* [Information provided]:
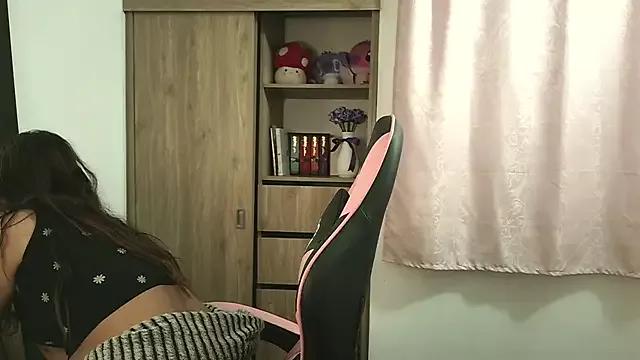 Oliviawatson1 from StripChat is Freechat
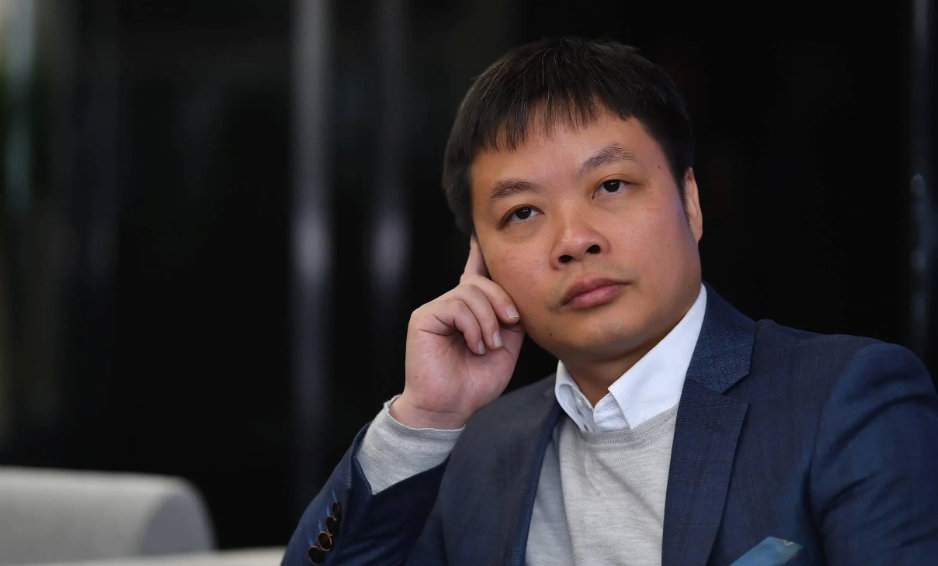 【何小鹏回应和特斯拉FSD比谁更强：第二代VLA人车博弈能力更强，窄路处理效果更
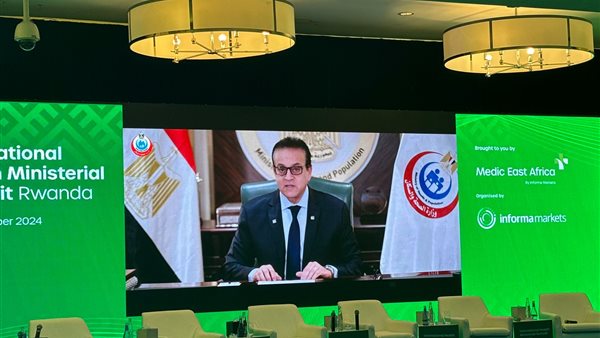  الدكتور خالد عبدالغفار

* [Prompt]:
Copy out all of the material exactly as written, without its pictures.

* [Response to the task]:
 Oliviawatson1 from StripChat is Freechat
 【何小鹏回应和特斯拉FSD比谁更强：第二代VLA人车博弈能力更强，窄路处理效果更
  الدكتور خالد عبدالغفار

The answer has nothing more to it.